Task prompt ->
For the material below, the expected output is exactly the lines between the line holding "Set mobila dormitor" and the line holding "Major 904546092 Oyster", inclusive, with pictures left out.

Data shown ->

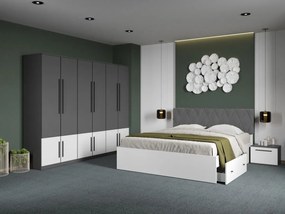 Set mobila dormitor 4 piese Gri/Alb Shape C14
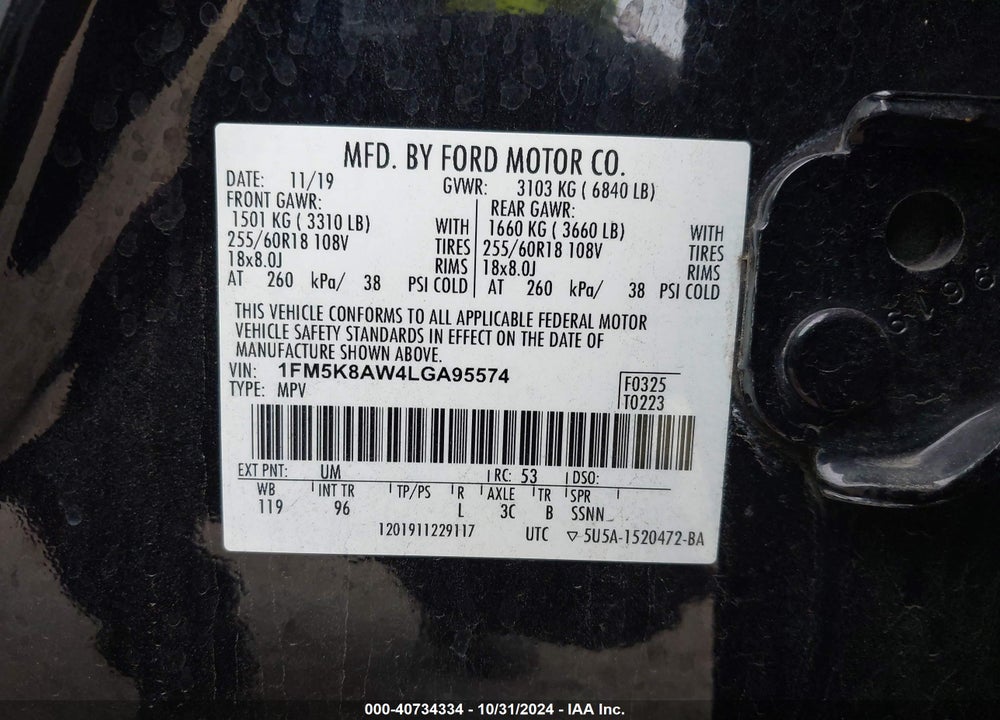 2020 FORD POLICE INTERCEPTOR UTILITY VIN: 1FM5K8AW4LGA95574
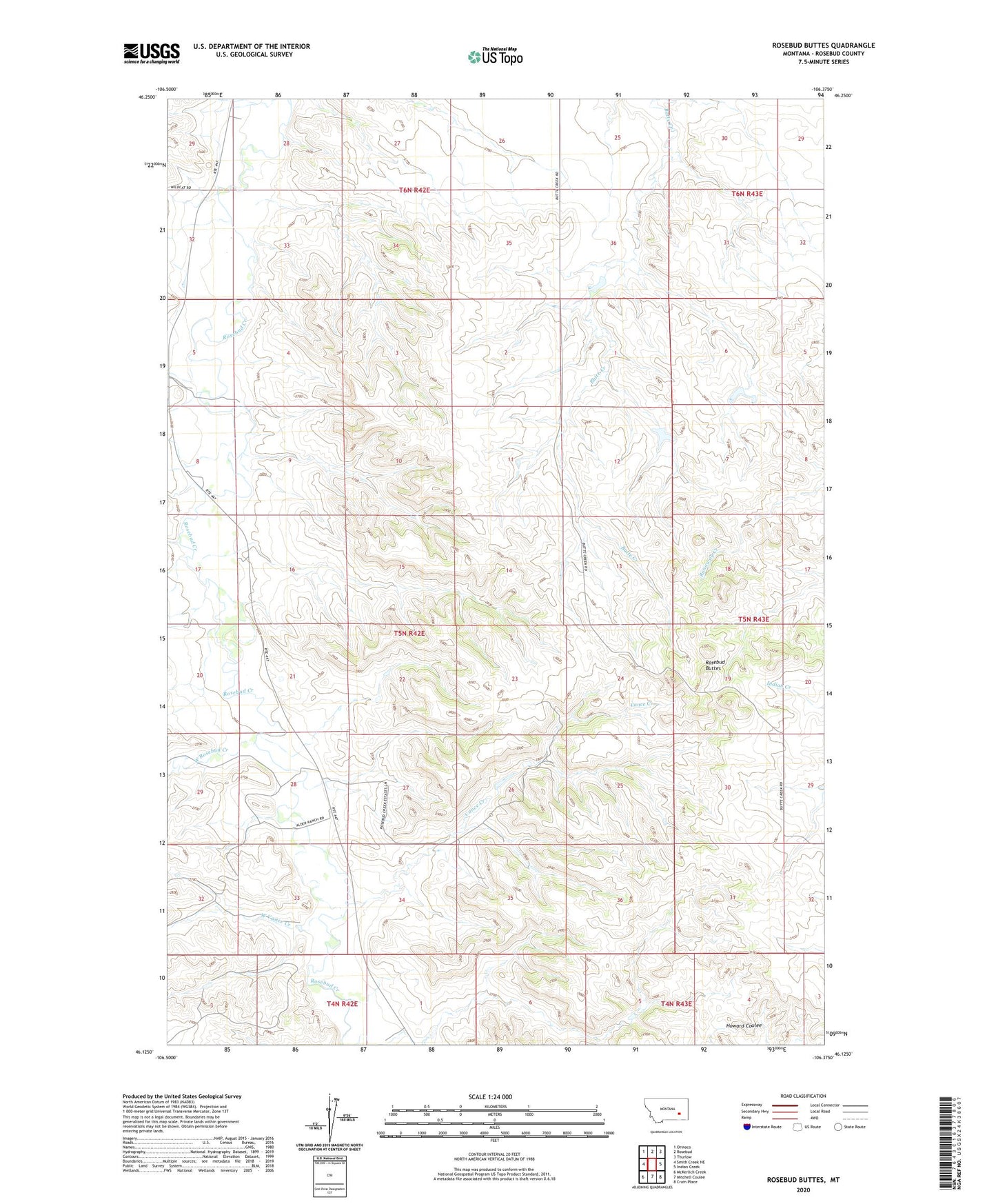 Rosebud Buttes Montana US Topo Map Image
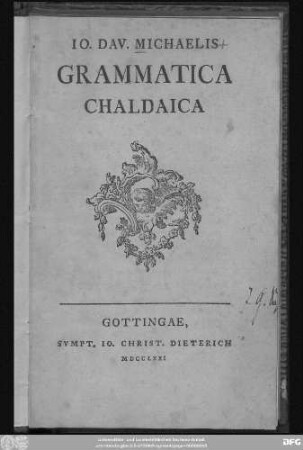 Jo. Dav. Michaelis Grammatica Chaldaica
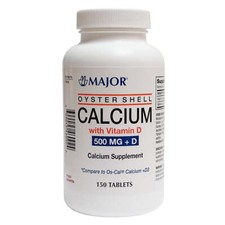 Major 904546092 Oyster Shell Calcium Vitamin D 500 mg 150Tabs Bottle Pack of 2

---

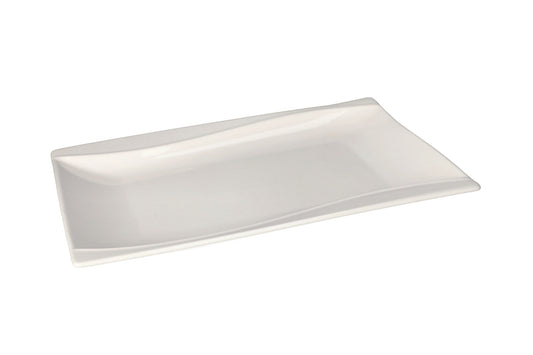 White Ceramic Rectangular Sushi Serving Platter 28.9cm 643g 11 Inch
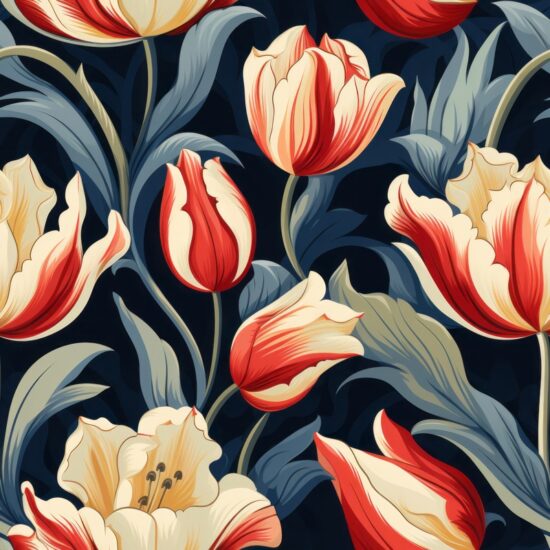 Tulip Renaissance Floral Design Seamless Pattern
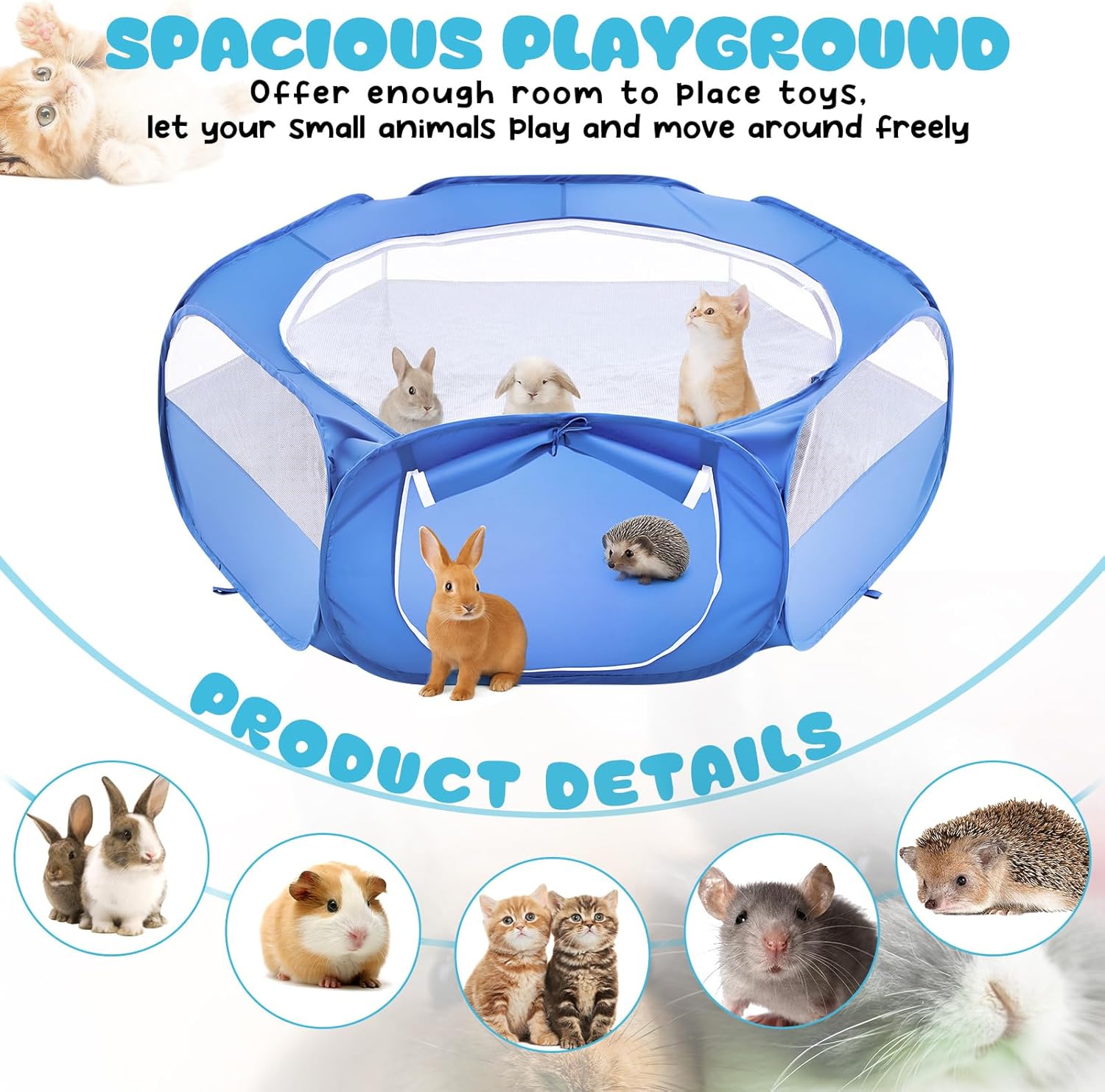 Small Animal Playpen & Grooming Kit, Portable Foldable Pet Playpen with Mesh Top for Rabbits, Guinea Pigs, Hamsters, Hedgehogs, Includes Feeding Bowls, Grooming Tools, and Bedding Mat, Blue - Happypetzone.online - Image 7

* * *

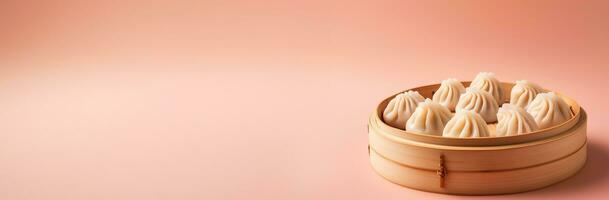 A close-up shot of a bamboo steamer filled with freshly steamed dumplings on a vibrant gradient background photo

Task result ->
 Set mobila dormitor 4 piese Gri/Alb Shape C14
 2020 FORD POLICE INTERCEPTOR UTILITY VIN: 1FM5K8AW4LGA95574
 Rosebud Buttes Montana US Topo Map Image
 Jo. Dav. Michaelis Grammatica Chaldaica
 Major 904546092 Oyster Shell Calcium Vitamin D 500 mg 150Tabs Bottle Pack of 2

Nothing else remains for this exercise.